I have an application that runs on a GPU for hours or even days, depending on the input. The input is given to me from other people. However, it happens some times that the input contains erroneous values due to carelessness. Hence, I need to kill the application and start it again using the correct input. Furthermore, during development phases, I need again to kill the application due to errors in the kernel (infinite loops, etc).
Hitting Ctrl-C or sending a kill signal to the application does not seem to work. Typically, the server having the GPU gets stuck. Sometimes it doesn’t get stuck, but the application becomes a zombie and the kernel continues to run on the GPU. Rebooting the machine from the command line (either before or after hitting Crtl-C) also doesn’t work every time. In fact, it doesn’t work most of the time as the machine again gets stuck. Since I work remotely on that machine, this is a big issues for me, as I have to ask from someone to reboot physically the machine. And if it is afternoon, I have to wait until the next morning…
So, the question is how to handle this. I have looked around and some suggest to use a signal handler, from where cudaResetDevice() will be called and then the application ends by calling exit(). However, there doesn’t seem to be any conclusive answer in any thread on any forum about whether this works reliably.

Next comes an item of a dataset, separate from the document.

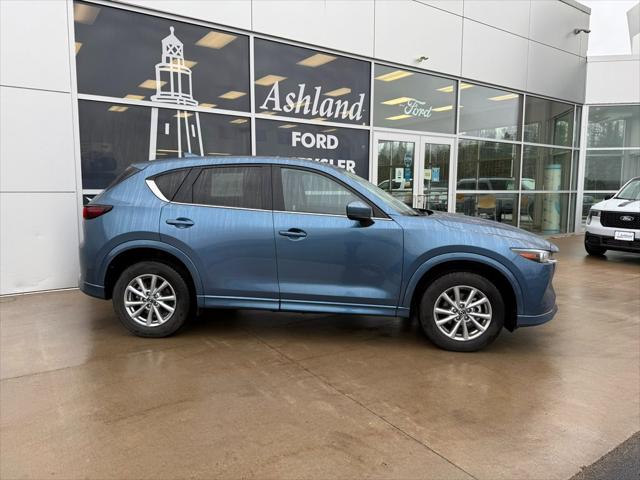 2024 Mazda CX-5 2.5 S Select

So, is there someone who has some definite answer about how to cleanly kill a CUDA application, having tested his/her solution?
So just hitting ctrl-c should cleanly kill your remote CUDA application.

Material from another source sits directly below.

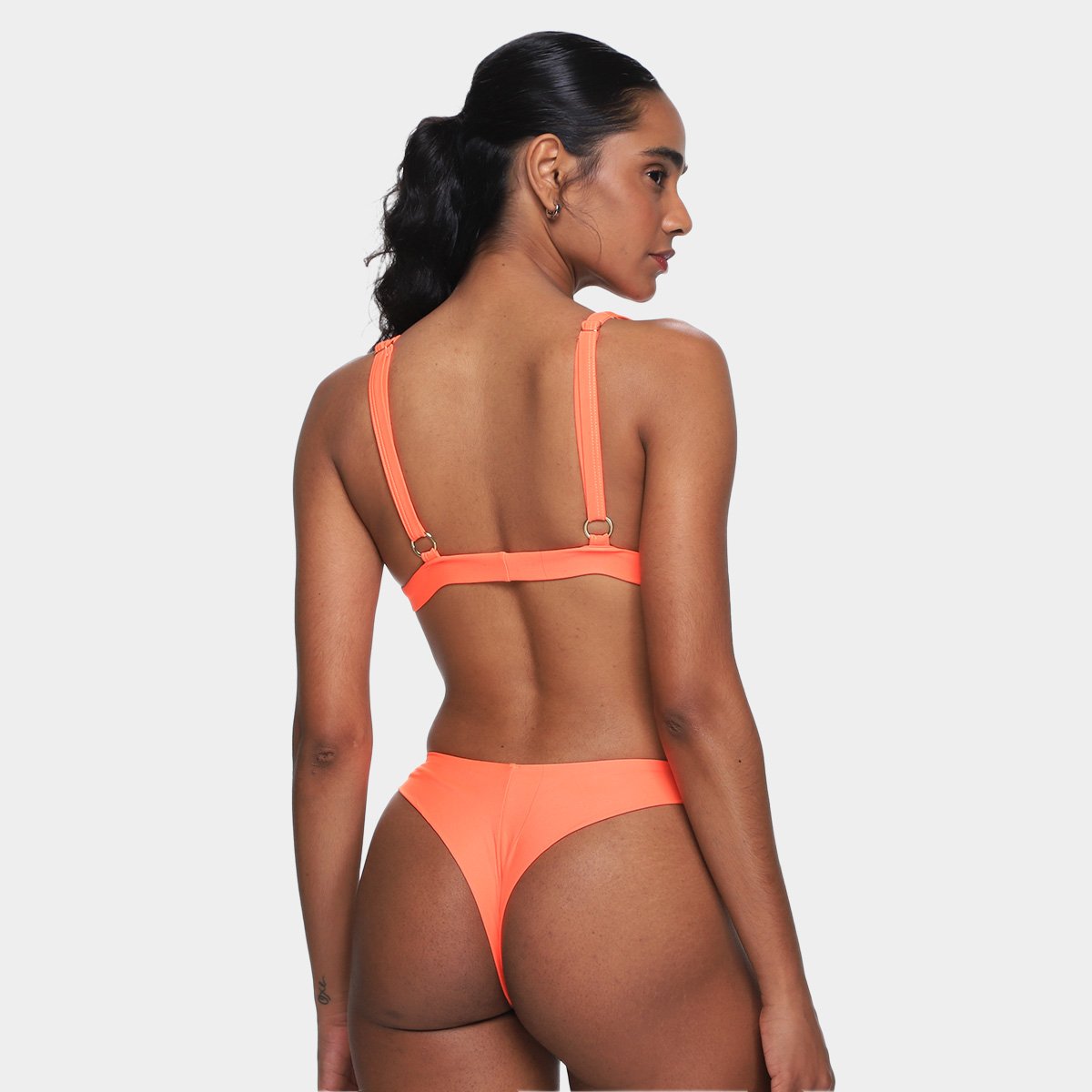 Conjunto de Biquini Hang Loose Feminino - Tam: M - 1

If that doesn’t work I’m wondering if your problem has to do with bugs in the application itself? Buggy kernels (with for example silly INF loops) have certainly frozen up my system from time to time.
If you declare your own SIGINT handler, does it get called?
Unfortunately it doesn’t kill the application. And I am also certain that the system crashes are not due to a bug in the kernel I run, as I made the following test. I ran the kernel with some input and let it finish. Then I run it again with the same input, but when hitting Ctrl-C the system crashed. But even due to the nature of the code and the input it is very difficult to have an infinite loop in the kernel. The input is simply a number of initial values, final values and increments for each loop in the kernel. So, even inspecting the input is enough to see that there is no infinite loop. In any case, I also printed out these values from within the kernel for a small test case and everything is fine.
When the system doesn’t immediately crash after pressing Ctrl-C then yes, the process gets listed as defunct in a ps.
I haven’t installed yet a signal handler. I wanted to know whether this method will actually work, before investing time in implementing it, due to the issues I have read. It is not easy for me to try and implement this, as I will need to have someone constantly around the machine to reboot it, until I make this work correctly. So, I first wanted to know in theory if this is the recommended and actually working method.
I notice that your application has some input reading. In my application, the system crash was due to using CPU memory mapping when reading input. After I changed it to fread(), the issue was gone.
It seems that the problem was with the driver of the card. We upgraded to the latest driver (352.99) and the problem seems to have disappeared. Pressing Ctrl-C or using kill-9 now terminates the application and we haven’t seen any crashes of the system (until now).